CS143
Computer Vision
Project 4 - Face Detection Using a Sliding Window


Scott Newman (senewman)
November 14, 2011

Project Overview

This project was designed to attempt to recognizes faces in an image using a sliding window. The goal is to determine the location and size of human faces and is thusly a specific type of general object detection, a common and important task in computer vision. Face detection is used in many fields - law enforcement (CSI ZOOM+ENHANCE), social networking (Facebook tagging), etc.

Algorithm

The algorithm works by using a so-called "sliding window" to detect faces with an SVM classifier. The sliding window acts as its name describes - a window slides over an image repeatedly at varying scales and determines if the window at a given position and scale contains a face, a type of binary classification for object detection.
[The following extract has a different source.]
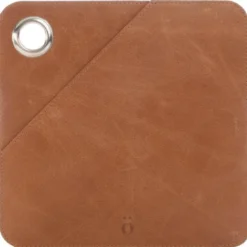 Suneli gryteklut skinn 20 cm 2 stk brun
The pipeline for detecting faces is as follows:
  1. Sample the initial training data. 36x36 pixel patches are used as the standard.
  2. Extract features from data we know a priori to be faces and non-faces (training data) using some type of feature descriptor. I used SIFT-descriptors, using the VLFeat library.
  3. Run a linear-SVM on the results from step (2) (as outlined in Dalal-Triggs 2005), mined randomly at first to give a rough baseline. The process is repeated on hard negative examples, which we know have no faces. This retrains the classifier, finds false positives, and greatly improves its precsion when run on test images.
  4. Once the classifier is trained, run it on test images and evaluate its detections. Non-maximum suppression is performed to get rid of duplicate detections.
The data used is Caltech Web Faces for our positive training (i.e., images with faces, and a series of resources for negative training (i.e., images without faces) such as the SUN Database.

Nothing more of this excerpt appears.